Of the material below, only the lines from the line containing "Solid Wine Red Slip Maxi Dress" down to the line containing "Glazen Snijplank - 28x20" belong in the answer, written out exactly.

※

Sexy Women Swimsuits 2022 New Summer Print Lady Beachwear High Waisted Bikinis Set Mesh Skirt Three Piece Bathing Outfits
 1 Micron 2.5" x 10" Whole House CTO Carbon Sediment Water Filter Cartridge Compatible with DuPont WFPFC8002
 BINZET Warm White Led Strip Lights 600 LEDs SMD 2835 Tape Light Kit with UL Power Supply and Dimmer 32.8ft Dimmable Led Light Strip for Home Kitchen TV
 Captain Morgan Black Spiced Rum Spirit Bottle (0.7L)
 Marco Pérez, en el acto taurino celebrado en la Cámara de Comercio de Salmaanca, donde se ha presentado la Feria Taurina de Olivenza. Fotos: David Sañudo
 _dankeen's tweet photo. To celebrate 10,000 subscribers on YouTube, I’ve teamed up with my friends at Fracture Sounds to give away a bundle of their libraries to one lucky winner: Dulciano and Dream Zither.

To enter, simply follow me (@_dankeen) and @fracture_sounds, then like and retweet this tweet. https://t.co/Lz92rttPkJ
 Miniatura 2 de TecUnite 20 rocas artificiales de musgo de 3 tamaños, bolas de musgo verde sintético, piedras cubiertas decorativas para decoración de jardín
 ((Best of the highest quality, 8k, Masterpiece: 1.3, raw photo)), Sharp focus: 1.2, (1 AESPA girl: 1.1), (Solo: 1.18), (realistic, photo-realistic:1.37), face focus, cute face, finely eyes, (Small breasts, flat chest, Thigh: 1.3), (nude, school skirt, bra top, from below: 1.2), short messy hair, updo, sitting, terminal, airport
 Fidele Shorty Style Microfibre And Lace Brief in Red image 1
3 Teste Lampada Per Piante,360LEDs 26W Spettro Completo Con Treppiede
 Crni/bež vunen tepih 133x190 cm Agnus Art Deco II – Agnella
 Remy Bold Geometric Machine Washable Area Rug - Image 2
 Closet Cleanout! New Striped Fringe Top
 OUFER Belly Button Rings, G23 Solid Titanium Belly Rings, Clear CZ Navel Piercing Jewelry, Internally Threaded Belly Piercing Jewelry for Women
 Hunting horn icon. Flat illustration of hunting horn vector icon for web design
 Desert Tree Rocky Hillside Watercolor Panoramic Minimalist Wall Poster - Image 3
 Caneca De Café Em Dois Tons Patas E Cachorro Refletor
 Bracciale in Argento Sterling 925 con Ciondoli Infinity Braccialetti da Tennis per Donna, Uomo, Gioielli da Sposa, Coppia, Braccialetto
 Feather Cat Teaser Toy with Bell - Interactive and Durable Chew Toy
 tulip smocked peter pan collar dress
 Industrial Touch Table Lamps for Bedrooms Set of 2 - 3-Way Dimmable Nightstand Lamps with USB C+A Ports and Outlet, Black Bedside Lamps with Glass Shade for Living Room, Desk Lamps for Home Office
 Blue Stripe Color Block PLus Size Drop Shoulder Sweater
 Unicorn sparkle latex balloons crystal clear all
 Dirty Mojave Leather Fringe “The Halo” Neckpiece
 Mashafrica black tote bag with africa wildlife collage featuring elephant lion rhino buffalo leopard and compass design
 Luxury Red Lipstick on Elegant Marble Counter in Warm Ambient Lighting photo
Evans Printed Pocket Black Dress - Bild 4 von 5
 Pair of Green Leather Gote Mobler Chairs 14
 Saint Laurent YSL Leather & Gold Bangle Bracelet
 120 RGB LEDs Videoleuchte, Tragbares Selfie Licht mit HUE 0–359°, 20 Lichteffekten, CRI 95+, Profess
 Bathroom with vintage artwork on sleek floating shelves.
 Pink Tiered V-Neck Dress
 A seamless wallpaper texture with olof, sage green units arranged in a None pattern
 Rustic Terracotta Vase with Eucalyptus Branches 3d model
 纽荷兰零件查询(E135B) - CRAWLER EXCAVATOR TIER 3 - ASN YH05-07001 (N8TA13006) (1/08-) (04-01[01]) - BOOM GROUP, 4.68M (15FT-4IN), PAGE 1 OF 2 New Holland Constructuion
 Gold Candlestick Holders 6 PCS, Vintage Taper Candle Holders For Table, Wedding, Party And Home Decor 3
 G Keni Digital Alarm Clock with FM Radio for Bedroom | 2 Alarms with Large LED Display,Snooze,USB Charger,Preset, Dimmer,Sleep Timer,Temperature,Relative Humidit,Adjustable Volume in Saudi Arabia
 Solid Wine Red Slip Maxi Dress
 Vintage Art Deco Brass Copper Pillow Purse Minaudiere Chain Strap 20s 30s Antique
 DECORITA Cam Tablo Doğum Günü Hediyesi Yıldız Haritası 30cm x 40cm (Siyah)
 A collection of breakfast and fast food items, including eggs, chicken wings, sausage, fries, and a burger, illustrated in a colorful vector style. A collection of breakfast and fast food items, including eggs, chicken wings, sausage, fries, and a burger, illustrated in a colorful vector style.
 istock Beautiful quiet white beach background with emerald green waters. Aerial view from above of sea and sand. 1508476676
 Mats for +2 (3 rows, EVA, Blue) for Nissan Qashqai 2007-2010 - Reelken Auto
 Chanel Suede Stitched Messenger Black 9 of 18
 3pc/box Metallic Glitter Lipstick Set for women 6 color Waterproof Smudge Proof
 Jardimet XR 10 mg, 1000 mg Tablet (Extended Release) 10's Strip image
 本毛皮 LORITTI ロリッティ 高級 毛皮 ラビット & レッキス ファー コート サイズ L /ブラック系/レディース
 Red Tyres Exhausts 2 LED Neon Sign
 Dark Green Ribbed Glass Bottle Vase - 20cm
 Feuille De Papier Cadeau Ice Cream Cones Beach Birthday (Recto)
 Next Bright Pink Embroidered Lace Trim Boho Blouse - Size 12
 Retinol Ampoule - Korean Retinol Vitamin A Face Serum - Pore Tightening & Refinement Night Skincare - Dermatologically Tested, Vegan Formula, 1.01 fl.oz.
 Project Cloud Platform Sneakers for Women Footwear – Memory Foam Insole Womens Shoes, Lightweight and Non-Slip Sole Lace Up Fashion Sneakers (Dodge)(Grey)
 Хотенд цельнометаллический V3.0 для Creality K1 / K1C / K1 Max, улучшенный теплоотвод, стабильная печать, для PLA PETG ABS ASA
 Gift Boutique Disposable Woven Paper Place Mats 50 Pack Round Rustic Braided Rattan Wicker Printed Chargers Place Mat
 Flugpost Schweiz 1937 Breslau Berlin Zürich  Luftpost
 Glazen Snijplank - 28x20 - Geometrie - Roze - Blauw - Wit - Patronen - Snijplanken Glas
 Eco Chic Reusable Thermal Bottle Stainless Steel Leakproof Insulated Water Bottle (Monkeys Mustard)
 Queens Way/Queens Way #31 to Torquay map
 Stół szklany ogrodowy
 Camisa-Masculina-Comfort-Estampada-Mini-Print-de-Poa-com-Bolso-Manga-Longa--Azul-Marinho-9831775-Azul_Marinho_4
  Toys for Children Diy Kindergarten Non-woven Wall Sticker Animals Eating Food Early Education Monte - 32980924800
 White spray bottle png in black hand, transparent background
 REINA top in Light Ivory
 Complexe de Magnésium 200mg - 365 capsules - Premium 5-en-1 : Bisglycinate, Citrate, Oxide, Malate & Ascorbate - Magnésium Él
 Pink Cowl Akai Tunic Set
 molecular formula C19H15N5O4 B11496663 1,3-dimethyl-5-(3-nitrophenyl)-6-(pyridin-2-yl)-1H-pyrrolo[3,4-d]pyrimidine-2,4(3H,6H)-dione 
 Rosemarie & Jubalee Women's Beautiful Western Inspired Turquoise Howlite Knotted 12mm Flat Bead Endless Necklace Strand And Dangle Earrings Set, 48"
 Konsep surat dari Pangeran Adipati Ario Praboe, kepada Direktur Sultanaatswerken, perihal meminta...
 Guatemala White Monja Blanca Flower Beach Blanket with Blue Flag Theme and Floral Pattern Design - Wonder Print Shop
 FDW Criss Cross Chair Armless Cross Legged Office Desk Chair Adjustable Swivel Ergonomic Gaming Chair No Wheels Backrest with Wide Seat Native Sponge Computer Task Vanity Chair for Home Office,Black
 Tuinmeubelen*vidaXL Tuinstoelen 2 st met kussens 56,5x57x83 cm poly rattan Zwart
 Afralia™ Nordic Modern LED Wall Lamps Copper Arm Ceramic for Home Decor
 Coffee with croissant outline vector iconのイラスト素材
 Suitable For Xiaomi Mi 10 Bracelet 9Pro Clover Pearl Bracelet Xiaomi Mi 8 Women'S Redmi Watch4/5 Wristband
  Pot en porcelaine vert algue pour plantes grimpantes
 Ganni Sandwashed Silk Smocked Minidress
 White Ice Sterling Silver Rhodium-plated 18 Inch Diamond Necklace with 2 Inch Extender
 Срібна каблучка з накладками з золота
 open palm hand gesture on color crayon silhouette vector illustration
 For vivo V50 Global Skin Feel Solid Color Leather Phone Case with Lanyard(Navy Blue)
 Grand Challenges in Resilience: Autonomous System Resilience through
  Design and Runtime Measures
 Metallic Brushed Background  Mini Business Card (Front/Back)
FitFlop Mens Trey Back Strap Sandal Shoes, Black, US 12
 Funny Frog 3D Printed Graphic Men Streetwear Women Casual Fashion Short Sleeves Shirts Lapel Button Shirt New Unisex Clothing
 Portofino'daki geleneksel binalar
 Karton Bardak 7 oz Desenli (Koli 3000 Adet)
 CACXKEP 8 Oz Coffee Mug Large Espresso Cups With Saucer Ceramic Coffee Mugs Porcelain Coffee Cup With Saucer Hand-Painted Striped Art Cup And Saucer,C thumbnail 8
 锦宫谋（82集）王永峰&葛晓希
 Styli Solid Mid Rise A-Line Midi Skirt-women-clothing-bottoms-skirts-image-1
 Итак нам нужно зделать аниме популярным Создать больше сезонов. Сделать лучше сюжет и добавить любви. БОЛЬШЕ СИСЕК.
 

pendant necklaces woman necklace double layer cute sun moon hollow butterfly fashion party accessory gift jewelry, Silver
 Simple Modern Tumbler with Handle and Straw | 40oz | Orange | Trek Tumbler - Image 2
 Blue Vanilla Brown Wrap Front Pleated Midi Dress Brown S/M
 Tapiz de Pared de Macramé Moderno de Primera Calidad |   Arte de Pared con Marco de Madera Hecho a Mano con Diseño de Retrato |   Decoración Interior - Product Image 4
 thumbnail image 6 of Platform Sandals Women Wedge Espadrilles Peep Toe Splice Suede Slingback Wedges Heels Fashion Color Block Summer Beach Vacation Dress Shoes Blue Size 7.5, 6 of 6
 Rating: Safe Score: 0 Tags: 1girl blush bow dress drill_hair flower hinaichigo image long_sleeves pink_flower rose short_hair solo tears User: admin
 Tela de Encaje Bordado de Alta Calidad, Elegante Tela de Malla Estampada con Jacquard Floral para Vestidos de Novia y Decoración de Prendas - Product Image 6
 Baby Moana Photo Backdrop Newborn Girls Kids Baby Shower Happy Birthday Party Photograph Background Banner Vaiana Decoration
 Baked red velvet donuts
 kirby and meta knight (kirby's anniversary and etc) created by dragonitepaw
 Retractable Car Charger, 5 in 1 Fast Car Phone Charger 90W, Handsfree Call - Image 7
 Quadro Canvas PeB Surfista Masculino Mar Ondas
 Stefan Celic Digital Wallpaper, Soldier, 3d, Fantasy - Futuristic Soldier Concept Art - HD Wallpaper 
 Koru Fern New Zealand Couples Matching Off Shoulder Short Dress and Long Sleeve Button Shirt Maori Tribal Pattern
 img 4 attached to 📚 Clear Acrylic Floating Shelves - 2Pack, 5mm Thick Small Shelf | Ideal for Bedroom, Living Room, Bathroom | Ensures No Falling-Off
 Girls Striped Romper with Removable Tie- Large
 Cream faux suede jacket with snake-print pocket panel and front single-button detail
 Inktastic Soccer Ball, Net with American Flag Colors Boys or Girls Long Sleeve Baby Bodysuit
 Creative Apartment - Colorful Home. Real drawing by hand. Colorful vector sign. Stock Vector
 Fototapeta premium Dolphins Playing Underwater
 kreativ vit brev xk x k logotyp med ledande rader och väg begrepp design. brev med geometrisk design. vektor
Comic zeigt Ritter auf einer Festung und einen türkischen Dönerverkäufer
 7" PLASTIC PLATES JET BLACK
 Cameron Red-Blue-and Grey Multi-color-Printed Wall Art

※

* [Result below]
 Solid Wine Red Slip Maxi Dress
 Vintage Art Deco Brass Copper Pillow Purse Minaudiere Chain Strap 20s 30s Antique
 DECORITA Cam Tablo Doğum Günü Hediyesi Yıldız Haritası 30cm x 40cm (Siyah)
 A collection of breakfast and fast food items, including eggs, chicken wings, sausage, fries, and a burger, illustrated in a colorful vector style. A collection of breakfast and fast food items, including eggs, chicken wings, sausage, fries, and a burger, illustrated in a colorful vector style.
 istock Beautiful quiet white beach background with emerald green waters. Aerial view from above of sea and sand. 1508476676
 Mats for +2 (3 rows, EVA, Blue) for Nissan Qashqai 2007-2010 - Reelken Auto
 Chanel Suede Stitched Messenger Black 9 of 18
 3pc/box Metallic Glitter Lipstick Set for women 6 color Waterproof Smudge Proof
 Jardimet XR 10 mg, 1000 mg Tablet (Extended Release) 10's Strip image
 本毛皮 LORITTI ロリッティ 高級 毛皮 ラビット & レッキス ファー コート サイズ L /ブラック系/レディース
 Red Tyres Exhausts 2 LED Neon Sign
 Dark Green Ribbed Glass Bottle Vase - 20cm
 Feuille De Papier Cadeau Ice Cream Cones Beach Birthday (Recto)
 Next Bright Pink Embroidered Lace Trim Boho Blouse - Size 12
 Retinol Ampoule - Korean Retinol Vitamin A Face Serum - Pore Tightening & Refinement Night Skincare - Dermatologically Tested, Vegan Formula, 1.01 fl.oz.
 Project Cloud Platform Sneakers for Women Footwear – Memory Foam Insole Womens Shoes, Lightweight and Non-Slip Sole Lace Up Fashion Sneakers (Dodge)(Grey)
 Хотенд цельнометаллический V3.0 для Creality K1 / K1C / K1 Max, улучшенный теплоотвод, стабильная печать, для PLA PETG ABS ASA
 Gift Boutique Disposable Woven Paper Place Mats 50 Pack Round Rustic Braided Rattan Wicker Printed Chargers Place Mat
 Flugpost Schweiz 1937 Breslau Berlin Zürich  Luftpost
 Glazen Snijplank - 28x20 - Geometrie - Roze - Blauw - Wit - Patronen - Snijplanken Glas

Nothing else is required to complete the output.